Firstly, let’s address the idea of asking for weekend dates, specifically on Fridays and Saturdays. When you start dating a woman, it’s advisable to plan outings from Sunday to Thursday. Wondering why? Subconsciously, Fridays and Saturdays are typically reserved for couples. Therefore, by requesting a date on one of these days early on, you unintentionally signal that you already view her as the chosen one, someone you want to spend those couple-oriented days with.

The issue arises if you’re not at that committed stage yet, or if she hasn’t suggested those days herself. In such cases, making that move prematurely could create a sense of things moving too fast for her. Consequently, she might become hesitant or gradually withdraw.

Initially, I dismissed this notion as nonsense, but I discovered that by adhering to Sunday-to-Thursday dates, I could accelerate my dating situations with women.

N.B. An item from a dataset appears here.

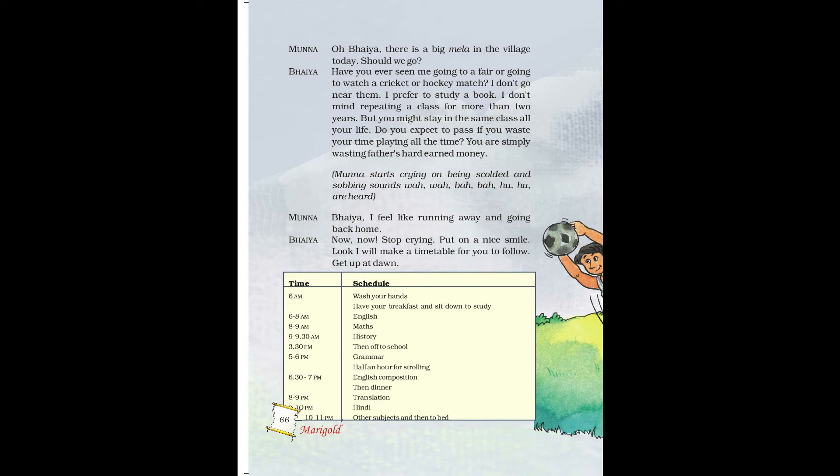'You are simply wasting father's hard-earned money.' Munna started crying on being scolded. Munna sobbing: 'Bhaiya, I feel like running away and going back home.' Bhaiya: 'Now, stop crying. Put on a nice smile. Look, I will make a timetable for you to follow. Get up at dawn.'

Around the third or fourth date, they would eventually propose, “Hey, I’m free this Friday” or “I’m available on Saturday to do something.” That’s when I knew they were starting to perceive the relationship in a more progressive manner, developing deeper feelings. Therefore, refrain from scheduling Friday and Saturday dates until she brings it up. It serves as an excellent indicator of her growing attachment to you.

#2: MEETING EACH OTHER’S FRIENDS AND FAMILY

The second move to avoid making until she initiates it is suggesting that you both introduce each other to your respective friends and family. For a woman, this step carries significant weight because she has experienced enough relationships to know that most people she introduces to her inner circle won’t become long-term partners.

When she reaches the point where she feels ready to introduce you to her friends and family, it signifies that she sees potential in you as a long-term partner. However, when you, as the guy, propose meeting your friends after just two dates, you may consider it a casual matter, an opportunity for them to get along and establish rapport. But to her, it holds much greater significance.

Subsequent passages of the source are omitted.